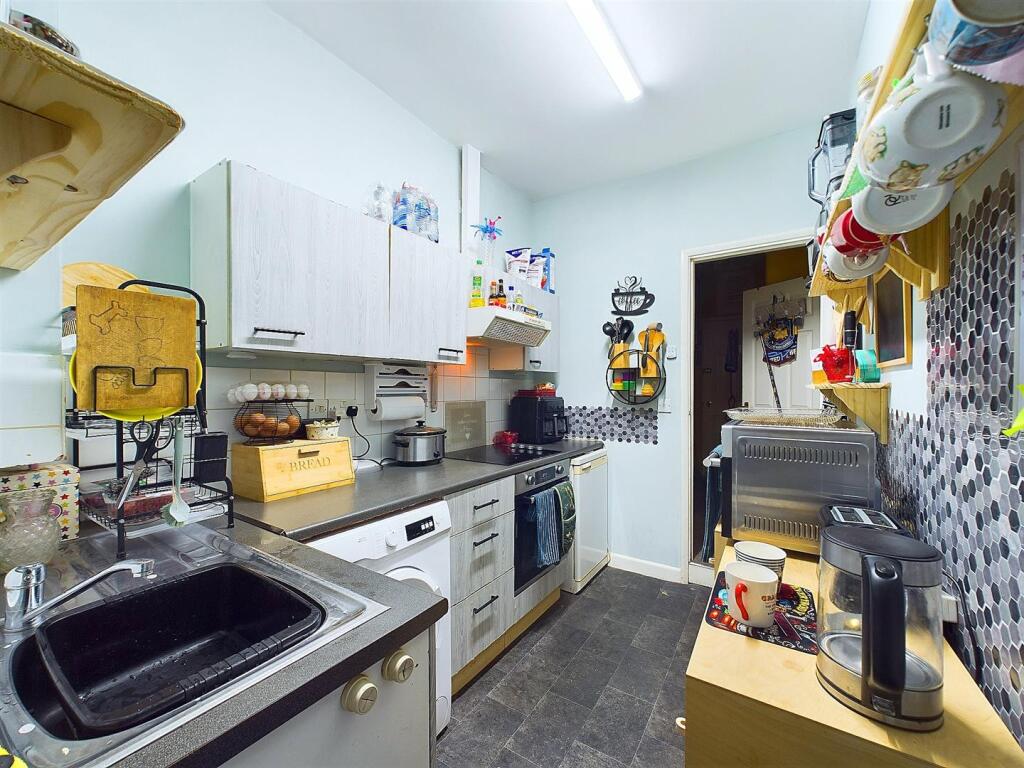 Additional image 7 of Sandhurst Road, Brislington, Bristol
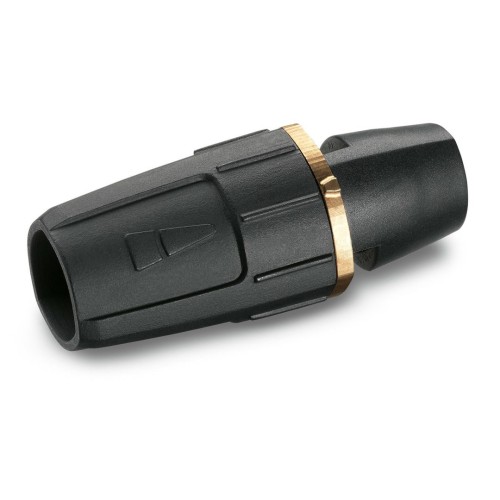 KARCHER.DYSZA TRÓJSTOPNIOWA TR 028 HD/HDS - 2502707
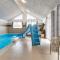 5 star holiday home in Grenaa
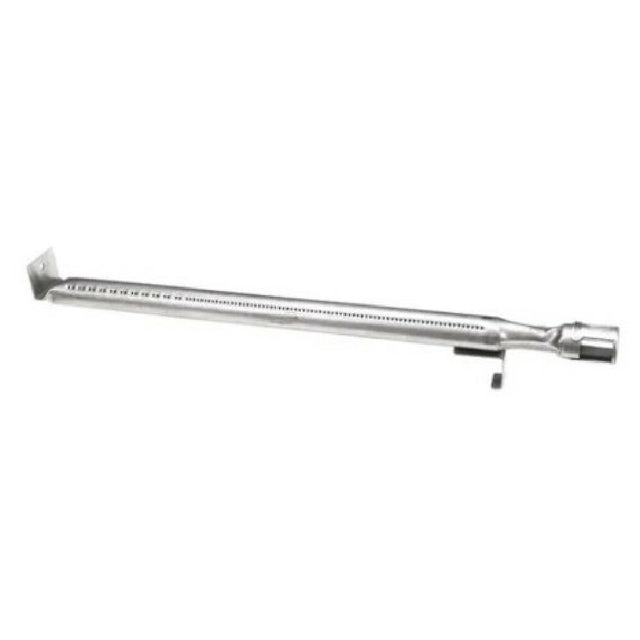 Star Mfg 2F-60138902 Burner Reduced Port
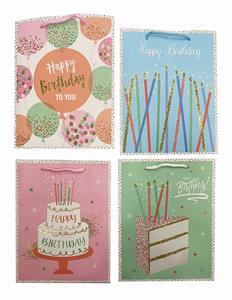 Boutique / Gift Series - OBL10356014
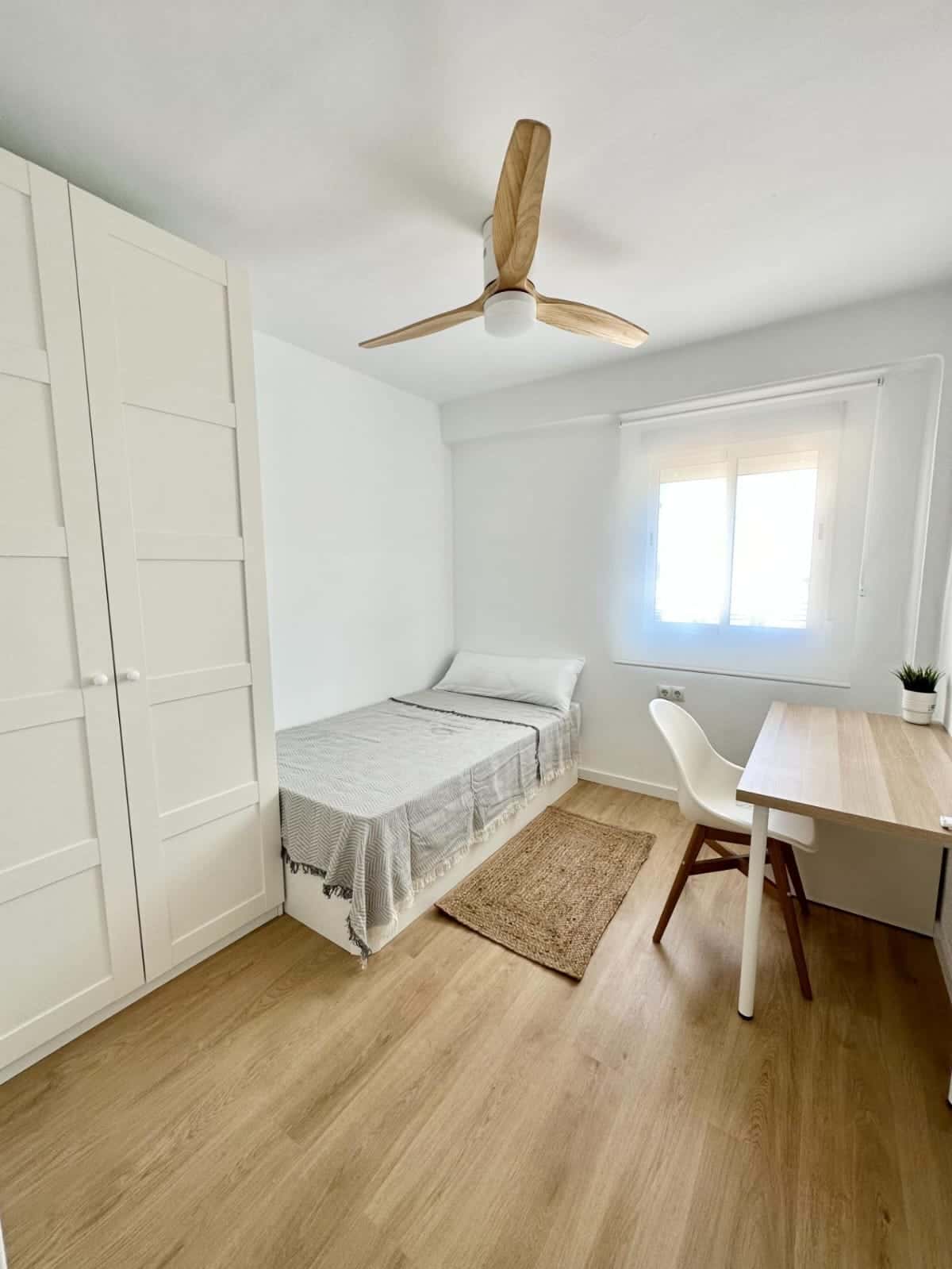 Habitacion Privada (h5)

→ **The problem**
Render all entries verbatim, excluding any pictures they hold.

→ **Exercise output**
 Additional image 7 of Sandhurst Road, Brislington, Bristol
 KARCHER.DYSZA TRÓJSTOPNIOWA TR 028 HD/HDS - 2502707
 5 star holiday home in Grenaa
 Star Mfg 2F-60138902 Burner Reduced Port
 Boutique / Gift Series - OBL10356014
 Habitacion Privada (h5)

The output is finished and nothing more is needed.